Saturday, April 6, 2013

Permission and the "how" of things

It's strange how knowing the "how" of something can be so powerful.

Sometimes it's liberating. For example, my sister – step-sister, actually, but that matters only in that we don't share genetic material – is an absolutely lovely person. Seen in photos, she can be intimidating: she is tall, slim, beautiful, fit, and .. well, if you saw her, you'd understand why on a trip when we were kids a small Jamaican boy ran after us and desperately tried to buy her from me with a large outstretched handful of (presumably) drugs. (He was like 10, his brain had just fallen out of his head.)

The point is, without context or familiarity, something that powerful (i.e., a presence like my sister's) can evoke unbalanced responses.

What people come to realize is that perhaps my sister's greatest inborn strength is that she seems truly natural to herself. Over the years, she's had to work hard to get where she is, to become who she is, but somehow she's only seemed to grow more available to others while she's done this.

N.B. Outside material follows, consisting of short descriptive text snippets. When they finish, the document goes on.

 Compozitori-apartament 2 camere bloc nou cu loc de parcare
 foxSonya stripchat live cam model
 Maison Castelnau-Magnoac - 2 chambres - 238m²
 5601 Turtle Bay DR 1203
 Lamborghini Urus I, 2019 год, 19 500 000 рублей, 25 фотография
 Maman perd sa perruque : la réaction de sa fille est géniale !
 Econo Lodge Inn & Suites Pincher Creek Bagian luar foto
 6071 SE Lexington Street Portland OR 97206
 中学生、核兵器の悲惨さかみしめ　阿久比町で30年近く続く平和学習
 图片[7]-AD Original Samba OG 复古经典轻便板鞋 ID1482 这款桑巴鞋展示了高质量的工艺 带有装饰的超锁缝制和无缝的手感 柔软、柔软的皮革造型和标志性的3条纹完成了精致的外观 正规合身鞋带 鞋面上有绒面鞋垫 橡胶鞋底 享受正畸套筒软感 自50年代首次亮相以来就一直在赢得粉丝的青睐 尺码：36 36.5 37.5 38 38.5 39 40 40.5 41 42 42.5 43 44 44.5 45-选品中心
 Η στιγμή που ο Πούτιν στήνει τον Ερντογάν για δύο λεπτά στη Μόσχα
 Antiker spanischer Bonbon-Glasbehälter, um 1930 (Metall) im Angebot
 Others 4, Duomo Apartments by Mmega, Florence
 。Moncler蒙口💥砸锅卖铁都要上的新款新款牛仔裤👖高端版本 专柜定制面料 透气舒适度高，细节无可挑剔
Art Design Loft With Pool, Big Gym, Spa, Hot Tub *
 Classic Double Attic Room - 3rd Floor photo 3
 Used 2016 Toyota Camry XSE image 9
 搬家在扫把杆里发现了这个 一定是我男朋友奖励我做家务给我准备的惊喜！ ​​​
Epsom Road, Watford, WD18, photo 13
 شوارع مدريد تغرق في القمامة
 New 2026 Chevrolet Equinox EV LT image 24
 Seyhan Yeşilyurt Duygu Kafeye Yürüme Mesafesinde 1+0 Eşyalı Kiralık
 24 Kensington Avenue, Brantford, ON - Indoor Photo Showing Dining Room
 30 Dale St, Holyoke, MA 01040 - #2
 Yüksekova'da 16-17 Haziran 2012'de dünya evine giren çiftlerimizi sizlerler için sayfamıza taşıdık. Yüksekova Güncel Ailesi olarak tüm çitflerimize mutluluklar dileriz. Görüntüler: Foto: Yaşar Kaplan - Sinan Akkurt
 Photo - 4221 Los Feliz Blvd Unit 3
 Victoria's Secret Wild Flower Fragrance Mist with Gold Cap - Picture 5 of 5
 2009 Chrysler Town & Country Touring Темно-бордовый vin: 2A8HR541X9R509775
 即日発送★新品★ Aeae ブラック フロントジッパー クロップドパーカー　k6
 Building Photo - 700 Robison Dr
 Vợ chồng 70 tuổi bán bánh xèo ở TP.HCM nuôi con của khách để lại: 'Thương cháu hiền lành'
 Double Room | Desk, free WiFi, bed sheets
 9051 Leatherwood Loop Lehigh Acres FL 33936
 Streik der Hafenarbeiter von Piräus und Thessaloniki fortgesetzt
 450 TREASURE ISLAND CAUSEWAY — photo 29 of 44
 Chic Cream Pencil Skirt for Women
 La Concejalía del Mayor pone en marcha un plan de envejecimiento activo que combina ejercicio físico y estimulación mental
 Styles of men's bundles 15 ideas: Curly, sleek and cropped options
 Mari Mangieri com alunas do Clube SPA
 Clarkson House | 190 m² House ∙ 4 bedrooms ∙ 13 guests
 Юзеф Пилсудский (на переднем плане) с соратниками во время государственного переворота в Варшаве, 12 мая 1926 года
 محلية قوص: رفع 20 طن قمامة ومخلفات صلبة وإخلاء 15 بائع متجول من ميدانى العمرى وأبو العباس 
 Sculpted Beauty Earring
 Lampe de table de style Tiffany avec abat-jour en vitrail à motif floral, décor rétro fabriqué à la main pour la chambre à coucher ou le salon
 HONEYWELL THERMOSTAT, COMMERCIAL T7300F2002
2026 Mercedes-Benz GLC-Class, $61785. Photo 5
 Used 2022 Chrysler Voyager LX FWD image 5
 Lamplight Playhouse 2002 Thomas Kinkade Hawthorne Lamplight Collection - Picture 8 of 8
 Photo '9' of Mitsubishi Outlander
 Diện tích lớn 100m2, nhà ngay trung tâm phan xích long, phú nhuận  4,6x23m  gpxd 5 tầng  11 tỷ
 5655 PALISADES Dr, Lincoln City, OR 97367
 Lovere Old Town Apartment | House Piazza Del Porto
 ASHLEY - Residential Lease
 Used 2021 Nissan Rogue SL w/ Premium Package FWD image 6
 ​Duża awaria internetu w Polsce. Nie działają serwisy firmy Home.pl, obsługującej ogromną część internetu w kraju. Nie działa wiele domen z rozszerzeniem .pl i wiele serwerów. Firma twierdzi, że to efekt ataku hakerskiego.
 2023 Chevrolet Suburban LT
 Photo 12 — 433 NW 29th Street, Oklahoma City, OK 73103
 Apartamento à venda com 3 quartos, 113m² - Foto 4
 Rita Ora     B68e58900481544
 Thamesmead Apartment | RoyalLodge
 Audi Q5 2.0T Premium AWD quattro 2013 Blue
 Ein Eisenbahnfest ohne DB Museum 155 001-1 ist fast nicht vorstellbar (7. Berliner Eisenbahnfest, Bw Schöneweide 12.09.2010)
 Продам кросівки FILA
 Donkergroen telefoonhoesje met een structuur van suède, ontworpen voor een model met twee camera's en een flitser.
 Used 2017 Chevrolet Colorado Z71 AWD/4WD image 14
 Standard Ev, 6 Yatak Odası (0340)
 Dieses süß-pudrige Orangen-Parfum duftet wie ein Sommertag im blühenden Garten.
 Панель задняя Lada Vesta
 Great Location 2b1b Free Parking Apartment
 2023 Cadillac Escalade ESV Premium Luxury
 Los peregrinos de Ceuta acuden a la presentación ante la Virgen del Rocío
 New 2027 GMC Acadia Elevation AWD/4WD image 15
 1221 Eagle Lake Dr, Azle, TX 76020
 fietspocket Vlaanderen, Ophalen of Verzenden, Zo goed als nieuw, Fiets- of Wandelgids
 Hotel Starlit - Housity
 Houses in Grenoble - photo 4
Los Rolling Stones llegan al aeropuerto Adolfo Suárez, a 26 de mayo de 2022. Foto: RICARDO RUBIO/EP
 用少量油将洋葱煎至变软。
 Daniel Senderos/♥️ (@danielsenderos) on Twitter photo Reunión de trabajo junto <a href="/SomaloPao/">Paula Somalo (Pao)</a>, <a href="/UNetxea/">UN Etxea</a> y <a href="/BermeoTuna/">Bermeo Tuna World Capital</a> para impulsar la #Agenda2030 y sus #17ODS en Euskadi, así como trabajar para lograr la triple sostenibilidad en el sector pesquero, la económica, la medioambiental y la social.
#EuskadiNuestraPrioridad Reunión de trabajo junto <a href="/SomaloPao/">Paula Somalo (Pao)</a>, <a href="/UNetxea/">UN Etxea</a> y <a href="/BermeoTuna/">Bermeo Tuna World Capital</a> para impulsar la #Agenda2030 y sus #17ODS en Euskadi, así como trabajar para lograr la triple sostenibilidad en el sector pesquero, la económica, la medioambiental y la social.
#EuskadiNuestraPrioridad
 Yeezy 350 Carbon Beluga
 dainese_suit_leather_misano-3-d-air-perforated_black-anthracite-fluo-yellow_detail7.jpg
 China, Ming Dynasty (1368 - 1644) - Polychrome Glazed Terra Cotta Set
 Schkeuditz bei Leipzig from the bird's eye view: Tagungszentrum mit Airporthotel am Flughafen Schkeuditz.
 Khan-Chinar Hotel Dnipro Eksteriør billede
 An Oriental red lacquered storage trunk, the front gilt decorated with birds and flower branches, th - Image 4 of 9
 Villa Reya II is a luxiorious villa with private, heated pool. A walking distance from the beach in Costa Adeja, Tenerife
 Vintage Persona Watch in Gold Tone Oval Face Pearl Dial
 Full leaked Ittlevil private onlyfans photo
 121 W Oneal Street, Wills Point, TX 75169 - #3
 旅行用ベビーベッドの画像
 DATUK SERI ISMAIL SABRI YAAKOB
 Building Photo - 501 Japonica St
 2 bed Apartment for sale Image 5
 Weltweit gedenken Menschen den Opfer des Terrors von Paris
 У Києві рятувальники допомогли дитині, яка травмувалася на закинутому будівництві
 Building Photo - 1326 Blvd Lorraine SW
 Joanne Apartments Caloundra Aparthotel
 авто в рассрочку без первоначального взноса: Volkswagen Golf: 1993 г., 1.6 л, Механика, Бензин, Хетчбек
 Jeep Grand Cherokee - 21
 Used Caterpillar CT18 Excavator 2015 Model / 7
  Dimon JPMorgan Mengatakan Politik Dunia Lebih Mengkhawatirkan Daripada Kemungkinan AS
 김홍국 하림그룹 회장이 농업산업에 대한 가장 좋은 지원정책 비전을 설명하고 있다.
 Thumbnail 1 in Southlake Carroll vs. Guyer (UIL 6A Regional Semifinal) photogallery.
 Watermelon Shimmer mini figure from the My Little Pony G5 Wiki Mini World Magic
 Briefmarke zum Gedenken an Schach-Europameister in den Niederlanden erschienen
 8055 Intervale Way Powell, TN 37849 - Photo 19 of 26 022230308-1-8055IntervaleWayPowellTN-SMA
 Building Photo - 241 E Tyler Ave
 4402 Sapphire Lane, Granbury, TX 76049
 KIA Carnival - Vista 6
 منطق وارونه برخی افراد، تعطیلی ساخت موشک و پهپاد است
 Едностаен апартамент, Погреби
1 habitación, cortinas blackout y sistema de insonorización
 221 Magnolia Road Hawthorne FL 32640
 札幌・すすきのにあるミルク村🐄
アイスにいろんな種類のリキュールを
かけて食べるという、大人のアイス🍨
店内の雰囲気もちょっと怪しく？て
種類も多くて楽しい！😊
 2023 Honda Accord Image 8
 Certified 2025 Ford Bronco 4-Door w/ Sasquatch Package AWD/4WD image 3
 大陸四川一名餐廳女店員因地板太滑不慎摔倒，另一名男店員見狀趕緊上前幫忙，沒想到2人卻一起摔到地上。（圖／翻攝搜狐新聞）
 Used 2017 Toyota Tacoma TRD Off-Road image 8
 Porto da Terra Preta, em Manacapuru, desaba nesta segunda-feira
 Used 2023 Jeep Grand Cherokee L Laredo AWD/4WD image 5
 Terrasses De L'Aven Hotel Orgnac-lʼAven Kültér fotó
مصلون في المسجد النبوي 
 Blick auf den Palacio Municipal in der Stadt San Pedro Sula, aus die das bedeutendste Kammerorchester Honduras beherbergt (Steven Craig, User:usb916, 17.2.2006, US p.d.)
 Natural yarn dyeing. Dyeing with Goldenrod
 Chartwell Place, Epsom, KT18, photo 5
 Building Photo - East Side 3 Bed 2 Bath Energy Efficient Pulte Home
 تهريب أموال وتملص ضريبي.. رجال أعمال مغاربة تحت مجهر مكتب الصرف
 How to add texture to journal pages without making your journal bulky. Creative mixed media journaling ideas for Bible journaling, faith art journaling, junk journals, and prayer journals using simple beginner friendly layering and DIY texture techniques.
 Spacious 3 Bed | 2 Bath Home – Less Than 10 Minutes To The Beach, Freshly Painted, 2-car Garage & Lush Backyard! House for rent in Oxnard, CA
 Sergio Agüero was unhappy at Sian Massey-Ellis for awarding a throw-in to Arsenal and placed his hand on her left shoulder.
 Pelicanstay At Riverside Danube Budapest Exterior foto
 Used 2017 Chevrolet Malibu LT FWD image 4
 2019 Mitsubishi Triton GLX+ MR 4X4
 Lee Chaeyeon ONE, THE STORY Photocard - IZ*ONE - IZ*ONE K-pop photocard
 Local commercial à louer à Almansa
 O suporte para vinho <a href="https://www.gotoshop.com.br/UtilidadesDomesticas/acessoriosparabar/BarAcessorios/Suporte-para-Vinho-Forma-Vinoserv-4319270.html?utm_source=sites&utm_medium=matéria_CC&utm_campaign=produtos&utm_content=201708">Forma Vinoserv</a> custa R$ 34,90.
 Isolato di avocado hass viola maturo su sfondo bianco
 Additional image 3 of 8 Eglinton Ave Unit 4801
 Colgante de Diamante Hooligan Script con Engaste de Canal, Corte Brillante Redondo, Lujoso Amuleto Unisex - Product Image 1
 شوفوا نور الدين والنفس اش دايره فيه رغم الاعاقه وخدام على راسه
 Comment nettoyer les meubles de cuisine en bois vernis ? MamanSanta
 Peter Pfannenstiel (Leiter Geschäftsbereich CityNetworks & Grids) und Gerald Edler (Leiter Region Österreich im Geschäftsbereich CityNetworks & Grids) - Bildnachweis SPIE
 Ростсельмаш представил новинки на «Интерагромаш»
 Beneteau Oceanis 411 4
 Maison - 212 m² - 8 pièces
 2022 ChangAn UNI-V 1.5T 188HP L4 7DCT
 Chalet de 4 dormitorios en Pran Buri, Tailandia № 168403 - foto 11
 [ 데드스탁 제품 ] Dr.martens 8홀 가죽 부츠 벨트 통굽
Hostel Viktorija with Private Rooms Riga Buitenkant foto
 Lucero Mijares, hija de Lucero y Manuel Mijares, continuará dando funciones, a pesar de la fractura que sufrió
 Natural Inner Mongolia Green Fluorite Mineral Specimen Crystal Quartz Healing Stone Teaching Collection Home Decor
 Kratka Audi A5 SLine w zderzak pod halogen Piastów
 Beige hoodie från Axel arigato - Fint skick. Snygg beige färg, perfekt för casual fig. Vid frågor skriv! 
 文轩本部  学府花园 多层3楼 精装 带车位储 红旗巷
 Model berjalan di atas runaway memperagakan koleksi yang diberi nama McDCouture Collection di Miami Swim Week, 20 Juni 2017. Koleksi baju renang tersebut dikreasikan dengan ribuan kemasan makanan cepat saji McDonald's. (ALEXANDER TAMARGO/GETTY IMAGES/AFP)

The result is that you should really see her enter a room of mixed friends and strangers – first, everyone notices. But any sense that she'd take that reaction and use it evaporates immediately: she's happy to be there, to see people, to interact. She's not there to be distracted, or to be seen, or to act.

Her easygoing nature and lack of anxiety dispel a lot of distracting vibes around her.  People warm as she talks to them and, you know, allows them to respond. They realize that she's not going to start acting ... well, she could get away with a lot, you might say.  

But she's not like that, and something about her silently grants a kind of permission to those around her to relax, just a bit. Something in their brains is telling them that this knockout isn't competing with them or about to belittle them, that she's not a threat at all.. and hey, isn't it kind of weird that beautiful people can even be so threatening anyway? Everyone's anxious little mind unclenches in teeny increments.

Now, I don't mention this as a paean to my sister's grace of character, or whatever. Actually, it was just that I saw a different lovely young woman the other day perform a similar thing — enter and effortlessly defuse a room that was suddenly much happier and pleasant with itself for having her in it, and without all of the ego-tumult that happens if people start jockeying for attention. Just, bang, a slightly better room with people who're slightly less on-edge, and therefore better all-around.

It's almost as though people like my sister and this woman can subliminally confer a different idea of what might happen next, and people see a different "how" for the occasion, a way which might not be as tiresome and catty as one had feared.


It is in this frame of mind that I've been considering that in seemingly having so very much of his  "how" – the vectors and pressures in his life, his mechanics of thought – exposed in Zen and the Art of Motorcycle Maintenance, it may be difficult for readers to look and see Robert Pirsig as, at least in part, an (unwittingly?) unreliable narrator.

But I spent too long thinking on permission and anxiety, so we Zen on the morrow.